DATA…GOOD OR BAD? — Part One: A MATHEMATICAL MODEL EXAMPLE

Extrapolation:  The riskiest form of prediction.

It has been said that when you are afraid that people will think you are a fool, don’t open your mouth and remove all doubt.  That is precisely the risk involved in making a prediction based upon someone else’s theory, especially if you do not fully understand the theory.

To that end I will tell you a true story.  I have left out some of the names as my intent is not to embarrass.

The propagation of disease by the inhaling of airborne particles of the disease is of no small interest.  And I will tell you up front that it is not my area of expertise…but when has that ever stopped me.

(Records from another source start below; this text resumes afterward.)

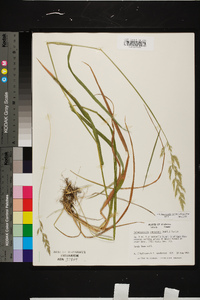 Calamagrostis coarctata image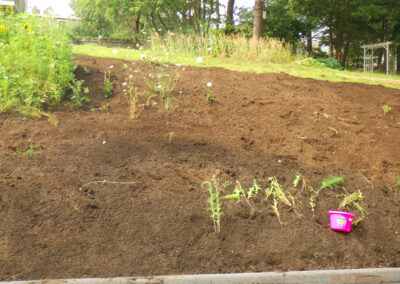 Wildflower Gardens Transformation in Littleton, MA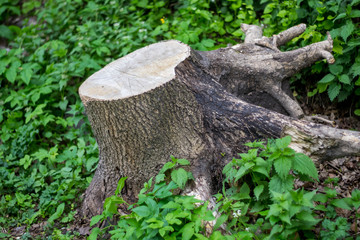 stump with roots lying in the grass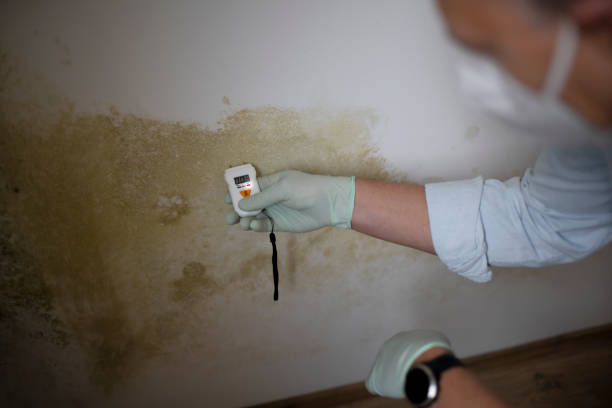 Best Attic Mold Removal  in Minerva, OH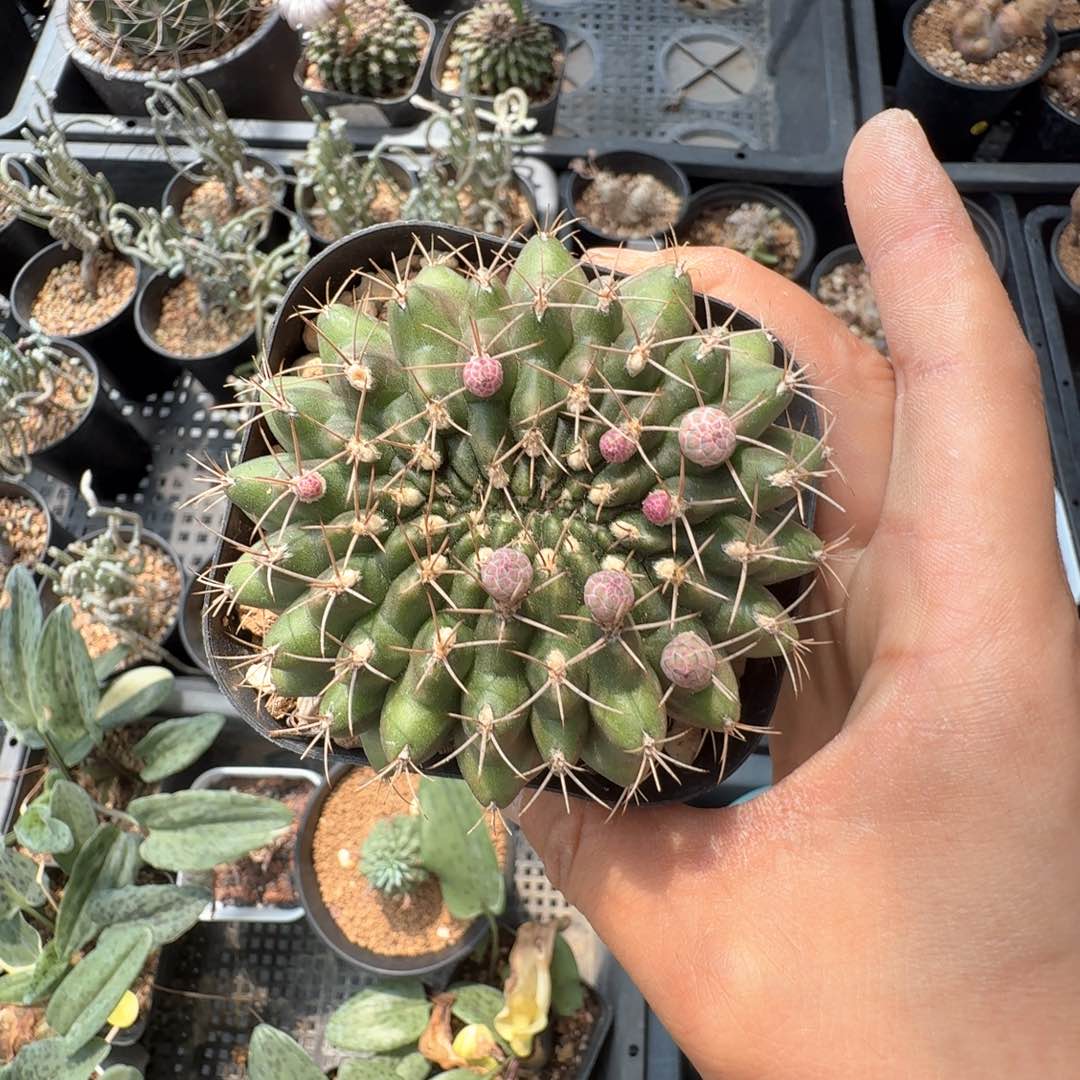 无花朵实生不知名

A colleague of mine was studying airborne disease propagation, and I kept hearing about the “Wells-Riley” equation.  It is an equation that looks at propagation as a process of inhaling disease carrying particles in quantities called, oddly enough, “quanta”.  The theory is that if you inhale a single quanta of diseased particles, you will get the disease.  I’m purposely leaving out two important issues for the moment, but don’t worry about them for now.

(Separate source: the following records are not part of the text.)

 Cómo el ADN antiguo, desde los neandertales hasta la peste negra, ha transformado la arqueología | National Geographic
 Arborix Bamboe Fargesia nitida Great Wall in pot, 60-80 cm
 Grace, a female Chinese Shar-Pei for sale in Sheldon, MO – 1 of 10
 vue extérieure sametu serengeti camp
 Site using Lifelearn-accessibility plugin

OK, so along comes the equation.  It’s relatively simple, it’s elegant, and unfortunately for a particular group of researchers, it was beguiling.

Do you remember the anthrax scare?  Sure you do.  There were stories of letters and packages being delivered by mail.  In them was a powder which usually was harmless, but was thought initially to be anthrax, a deadly source of disease.  One such incident involved what I think was the main Washington D.C. Post Office.  This then became the focus of a now published study.  The study was done for good reason.  There were unanswered questions about how difficult it was to provide sufficient protection against the threat of anthrax, and since that post office had actually been attacked, it appeared to be an ideal case to study using the Wells-Riley equation.  Sounds perfect, doesn’t it.

When my collegue first showed me the equation, it looked strangely familiar.  So, I looked at a statistics book and confirmed that the equation was actually a form of the Poisson Distribution equation for the probability of having one or more encounters with a single item that is randomly distributed.  So, here is the first thing I neglected to tell you.  In their original paper, to their credit, Wells and Riley mentioned that very fact.  We’ll get back to this.

The next thing I didn’t tell you is that each type of disease is thought to require a different number of separate particles (identical particles in theory) in order to form a single “quanta”.  That is, not all diseases have a single particle quanta.  Most require several particles to form a quanta.  The only disease with a single particle quanta as far as I know is tuberculosis, and as I said. this is not my field of expertise.  I have heard that the common cold requires a few hundred particles before a quanta is reached.  Anthrax supposedly requires thousands of particles to make up one quanta.  This is important to know because the Wells-Riley equation only works for a single particle quanta.  If it takes more than a single particle to make up one quanta, the equation has to be modified to include more terms.

And there lies the problem.  The Wells-Riley theory freely admits that it only covers the one particle quanta problem.  If you are dealing with a disease that requires thousands of particles to form one quanta, you need to add thousands of separate terms of the Poisson Distribution equation to run the proper calculation.  As it turns out, the conclusion reached by the anthrax researchers was off by a very substantial amount for just this reason.  As mentioned above, anthrax requires thousands of separate particles to constitute one quanta.

A foot note for this is that no one seemed to be sure at that time how many particles are in a quanta for any given disease or any type of particle that carries the disease.  I would also guess that a quanta for one person is not necessarily a quanta for some other person.  So at best, you can only look at this from the standpoint of the “average” person, whoever that is.

As I said up front, this is not my area of expertise.  I presume that the study of disease propagation has moved on since this incident.  This is just an example of one of the pitfalls of dealing with data where adequate theories have yet to be promulgated.  “All that glitters is not gold.”